__MATERIAL SUPPLIED__.
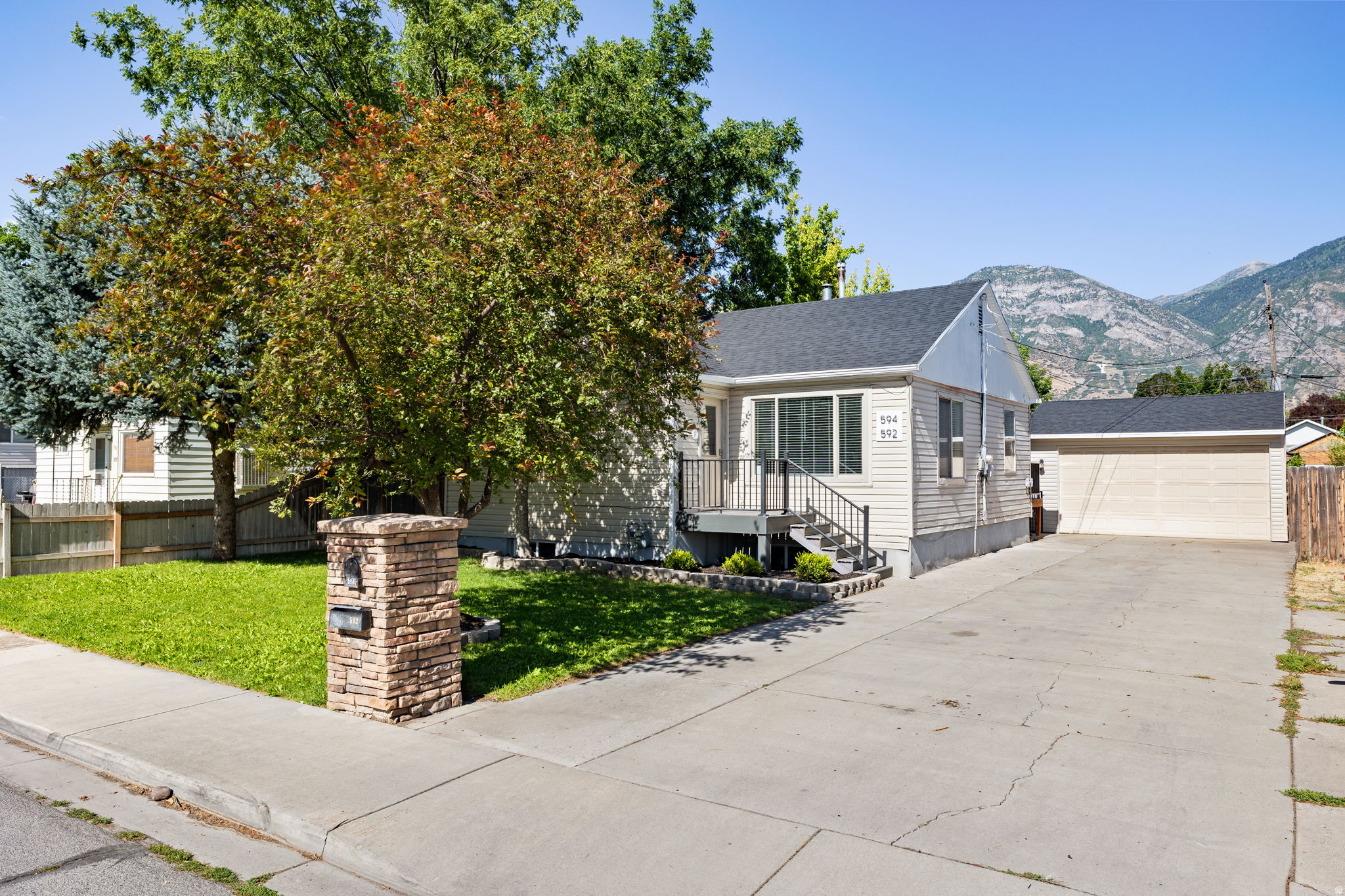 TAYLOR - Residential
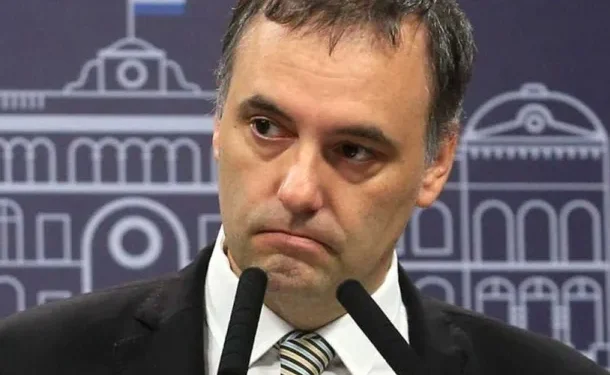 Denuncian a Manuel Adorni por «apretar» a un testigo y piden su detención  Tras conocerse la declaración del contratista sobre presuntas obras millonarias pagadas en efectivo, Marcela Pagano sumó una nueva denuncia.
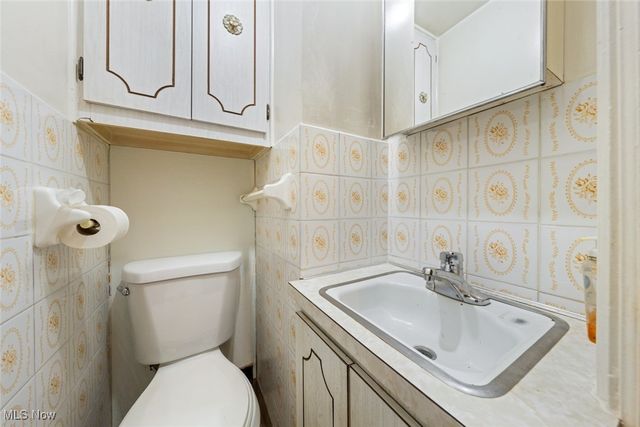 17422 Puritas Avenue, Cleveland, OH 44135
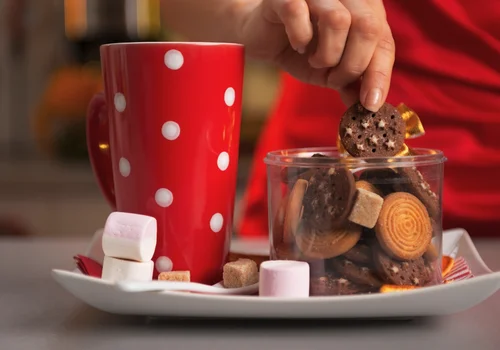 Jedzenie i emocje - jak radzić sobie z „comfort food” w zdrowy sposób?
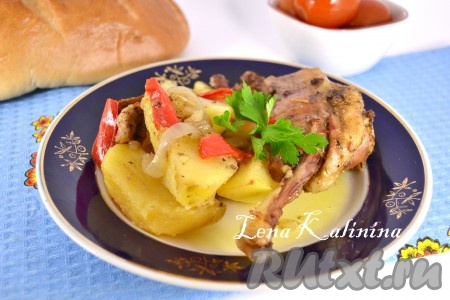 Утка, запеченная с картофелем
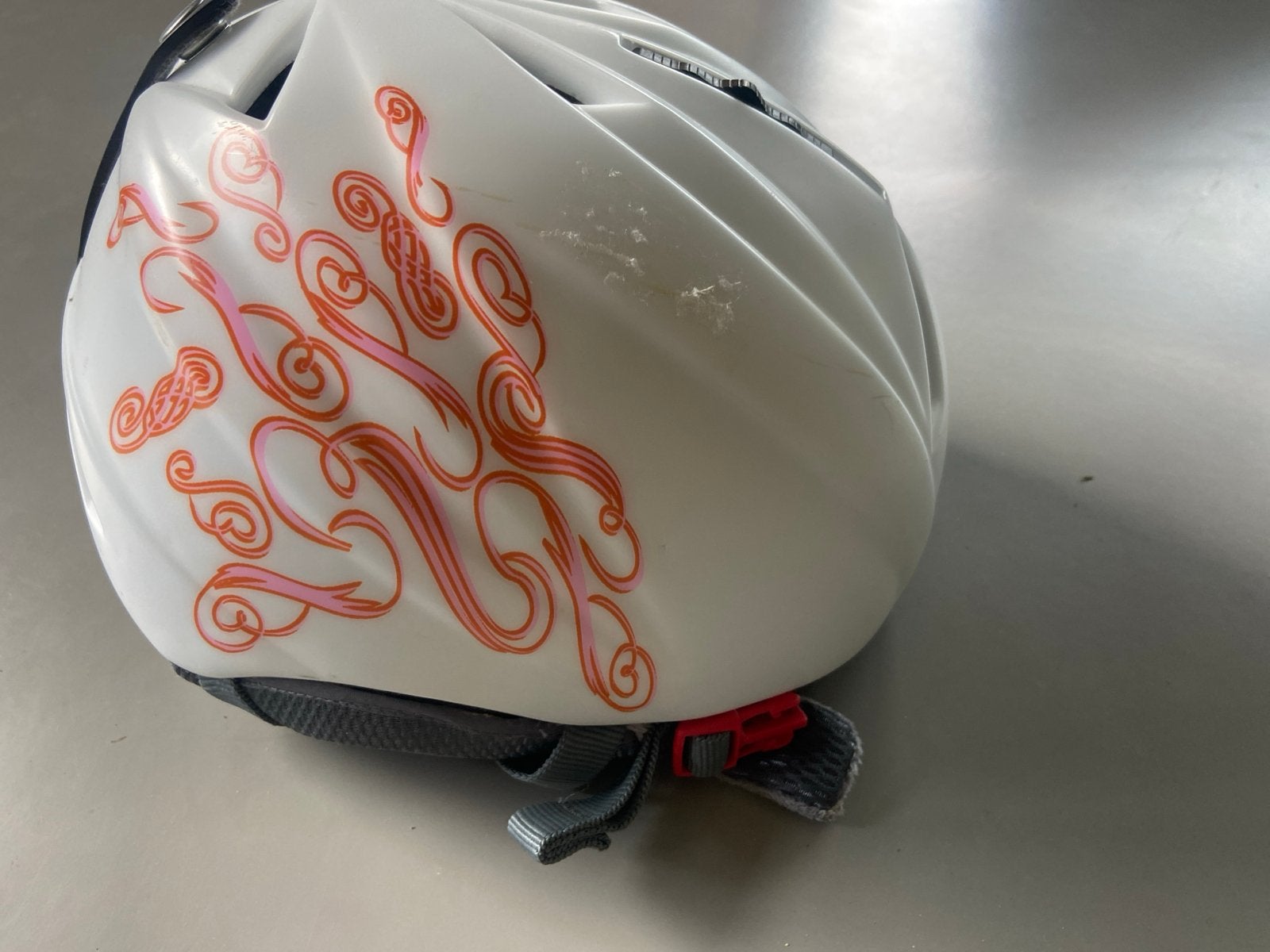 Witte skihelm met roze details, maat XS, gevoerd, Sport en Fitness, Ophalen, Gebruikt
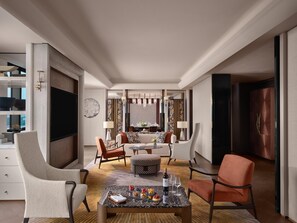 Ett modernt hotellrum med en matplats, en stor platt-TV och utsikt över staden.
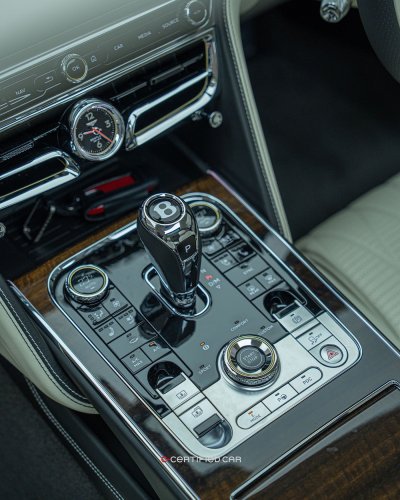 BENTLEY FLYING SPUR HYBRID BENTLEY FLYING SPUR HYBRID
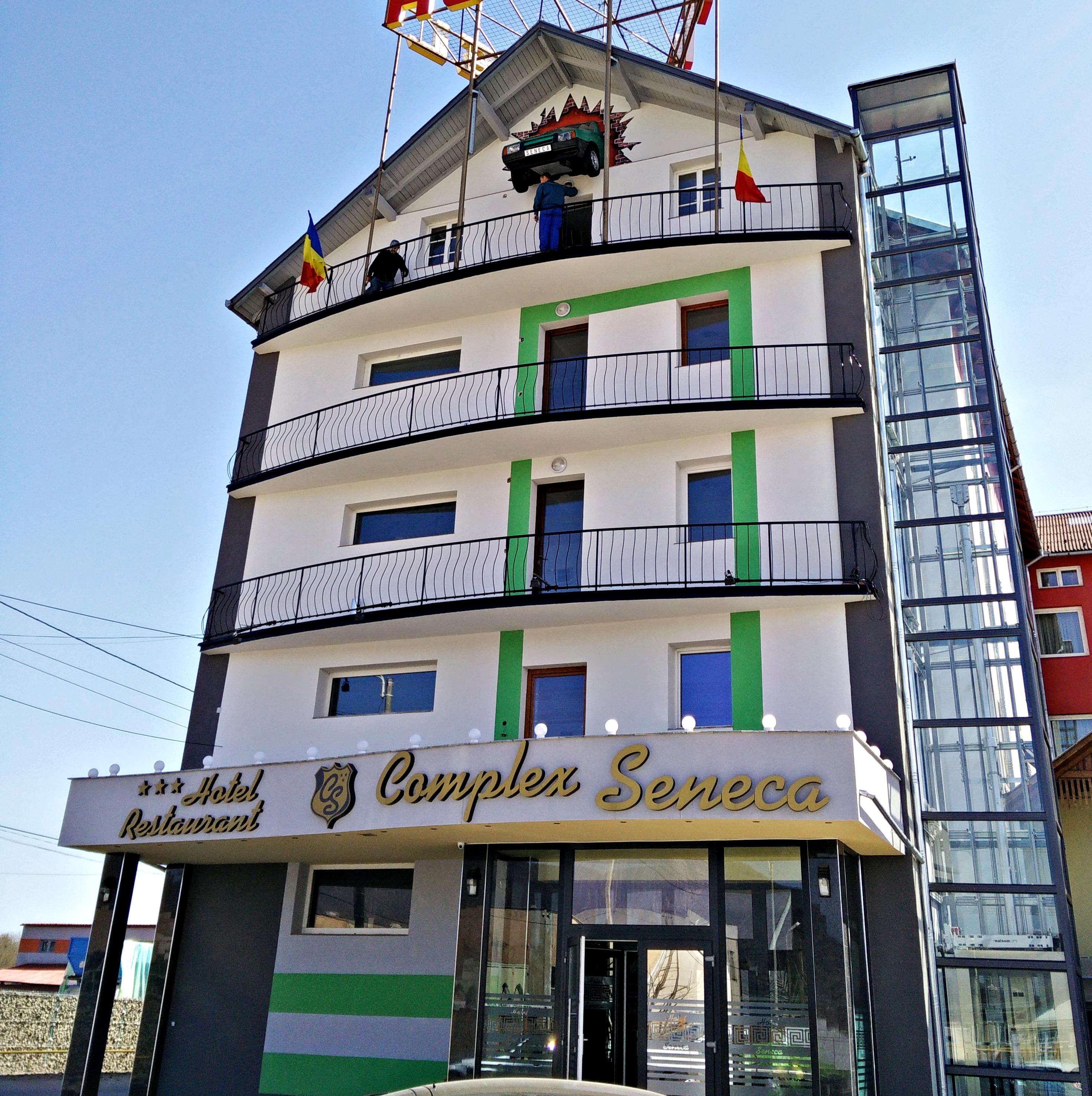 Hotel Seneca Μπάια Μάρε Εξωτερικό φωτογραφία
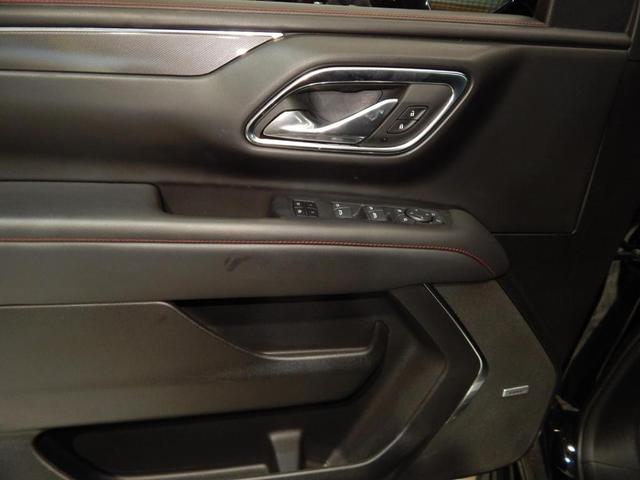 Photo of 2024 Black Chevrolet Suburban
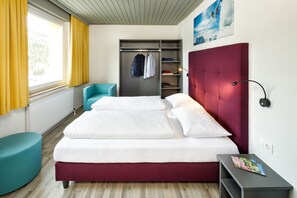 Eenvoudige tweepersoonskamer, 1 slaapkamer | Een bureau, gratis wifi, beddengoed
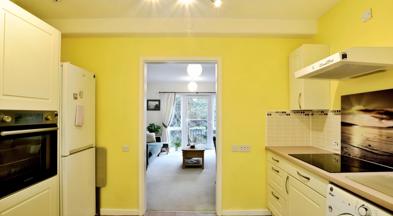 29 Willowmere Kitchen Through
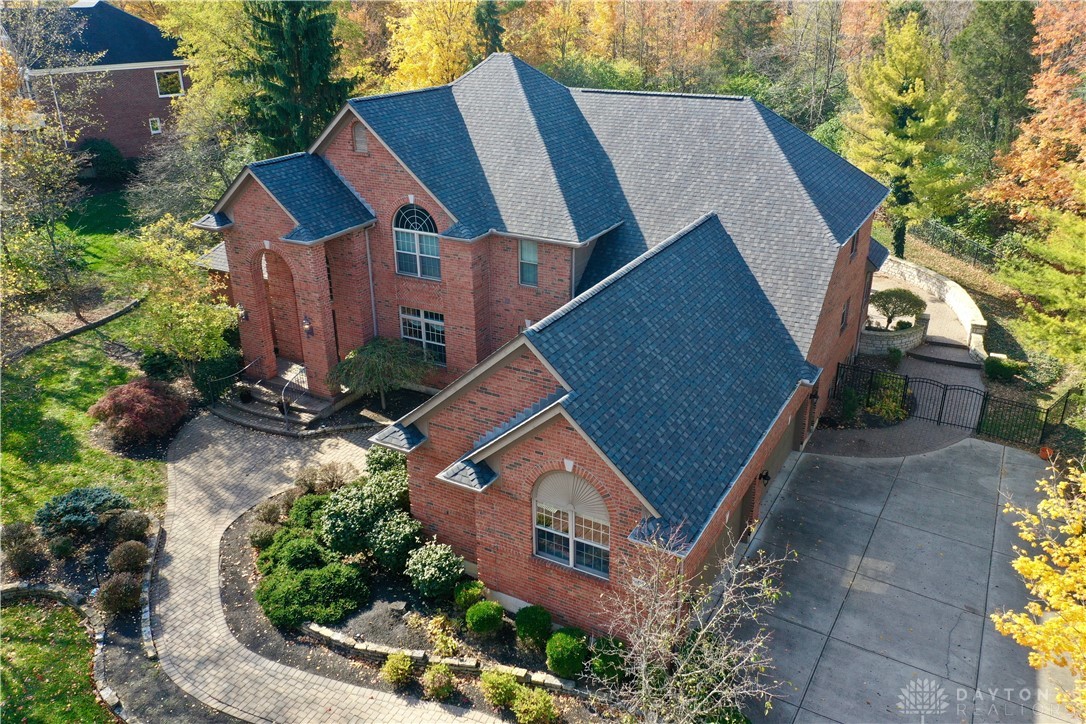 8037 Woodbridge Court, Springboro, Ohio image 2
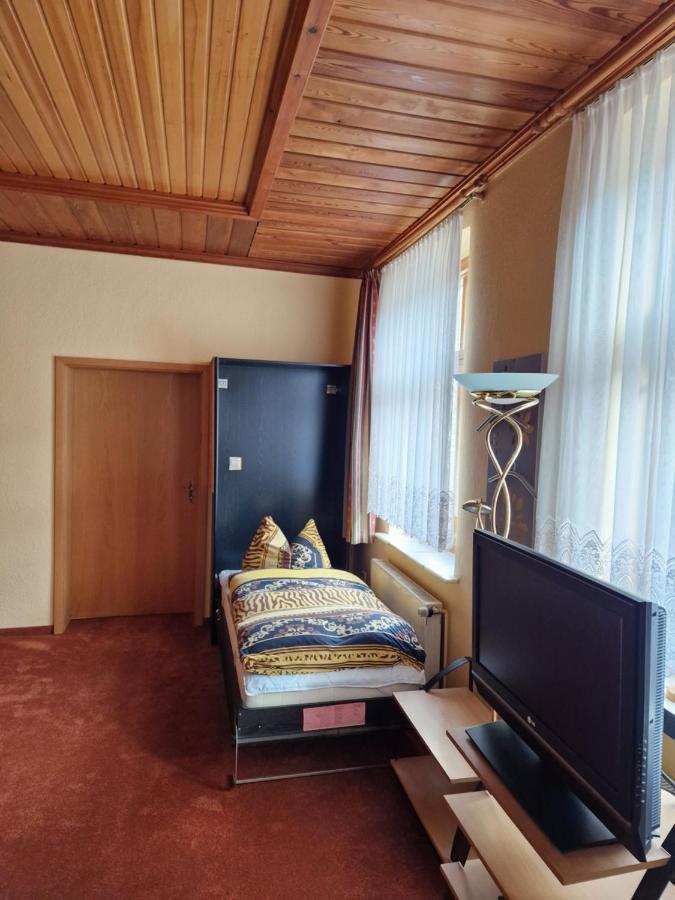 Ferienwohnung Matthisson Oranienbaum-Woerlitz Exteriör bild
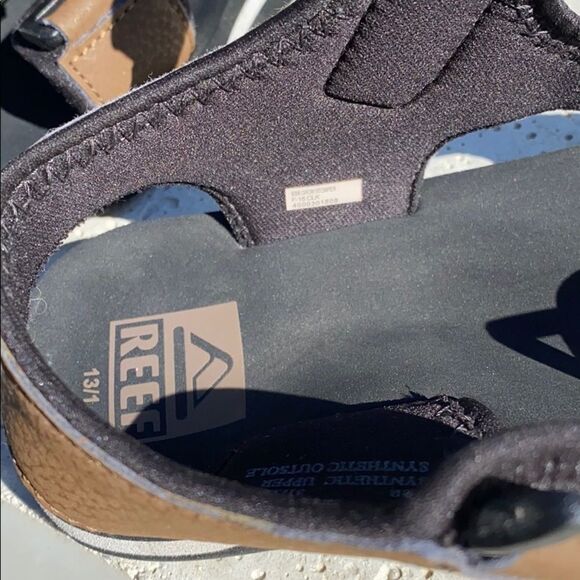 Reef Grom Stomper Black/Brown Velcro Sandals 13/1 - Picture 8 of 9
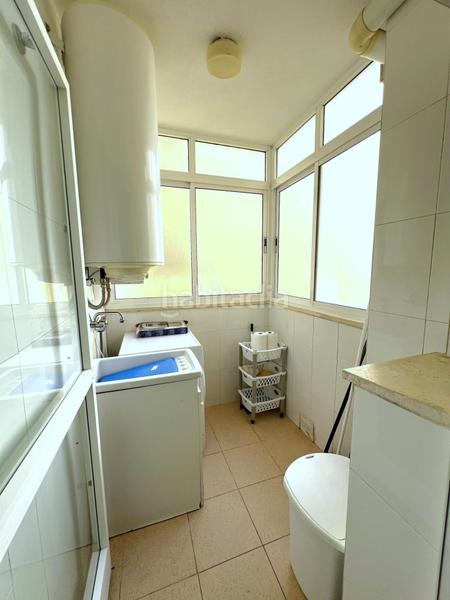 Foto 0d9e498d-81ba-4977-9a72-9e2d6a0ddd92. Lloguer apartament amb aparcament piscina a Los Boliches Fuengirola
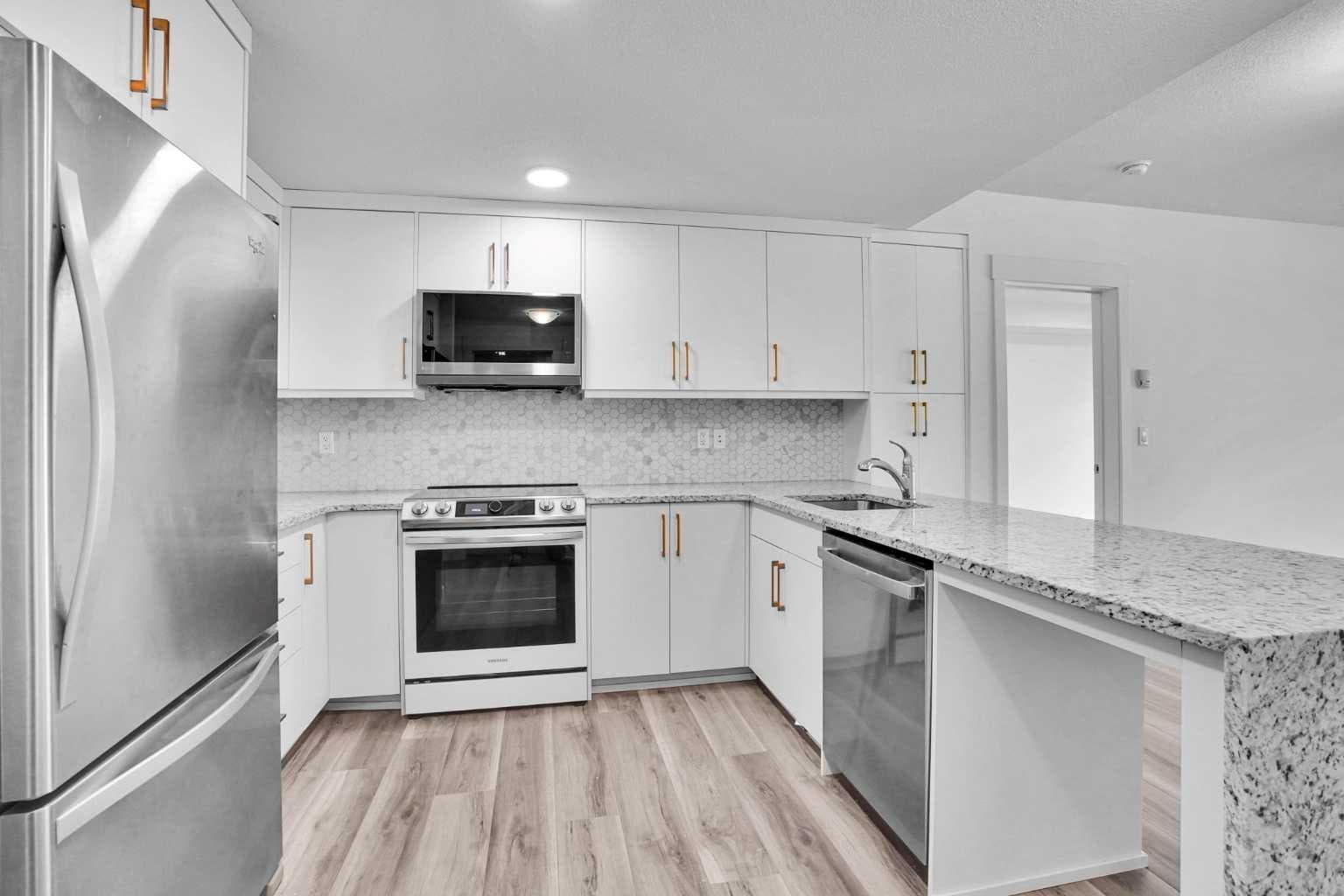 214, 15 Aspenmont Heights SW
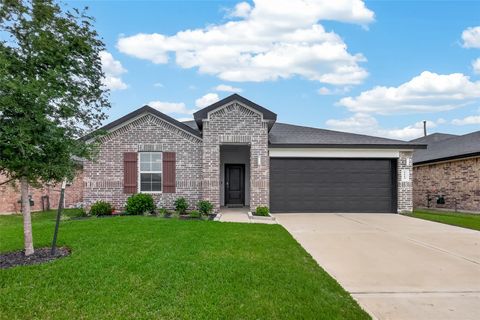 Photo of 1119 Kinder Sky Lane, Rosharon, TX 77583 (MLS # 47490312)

__TASK STATEMENT__. Your answer should be the lines from the line containing "8037 Woodbridge Court, Springboro, Ohio" through the end of the listing above, output exactly and alone, without the pictures.

__WRITTEN SOLUTION__.
 8037 Woodbridge Court, Springboro, Ohio image 2
 Ferienwohnung Matthisson Oranienbaum-Woerlitz Exteriör bild
 Reef Grom Stomper Black/Brown Velcro Sandals 13/1 - Picture 8 of 9
 Foto 0d9e498d-81ba-4977-9a72-9e2d6a0ddd92. Lloguer apartament amb aparcament piscina a Los Boliches Fuengirola
 214, 15 Aspenmont Heights SW
 Photo of 1119 Kinder Sky Lane, Rosharon, TX 77583 (MLS # 47490312)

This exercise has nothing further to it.